Two years on from the Palaszczuk intervention

Two years on from the Palaszczuk intervention, it’s time for a report on Aurukun school

Premier Annastacia Palaszczuk, two years ago you wanted the Aurukun school on Cape York to be “just like any Queensland school”. Is it now the kind of school you wanted? Perhaps you should return to see how it is faring since your government’s abrupt takeover on May 27, 2016.

We understand your colleague Kate Jones is no longer education minister, but now the Commonwealth Games are over, did she think school attendance would be worse than under the Cape York Aboriginal Australian Academy? Does she wonder how the kids are going under the department’s management?

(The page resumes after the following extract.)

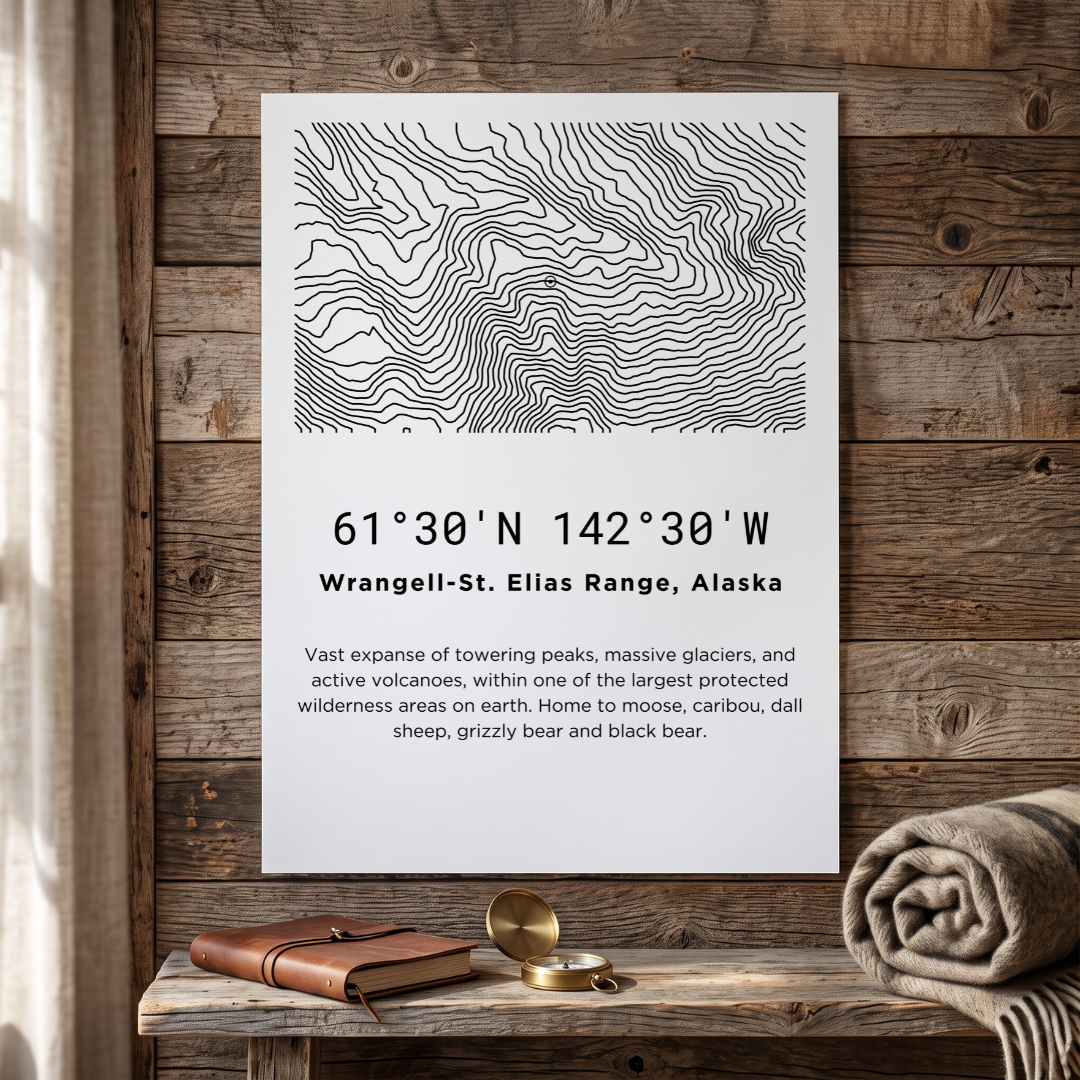 Wrangell-St. Elias Alaska Topographic Map Poster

What about you, Jim Watterston, the director-general who led the May 2016 takeover because, as you told me: “We know how to run schools.” You have since walked away to lead the education faculty at the University of Melbourne, after it became clear it wasn’t panning out at Queensland’s most disadvantaged school. You have cause for reflection on this second anniversary.

Mayor Derek Walpo, you wanted the department to take over the school, despite objections of many parents and grandparents in your community. Are you happy with the “mainstream education” you wanted them to receive?

Two years ago tomorrow, Palaszczuk and Jones flew to Aurukun to meet Walpo. On a Saturday night a fortnight before, the school principal’s vehicle was attacked by youths outside the school grounds, causing teachers to leave the community pending a security assessment.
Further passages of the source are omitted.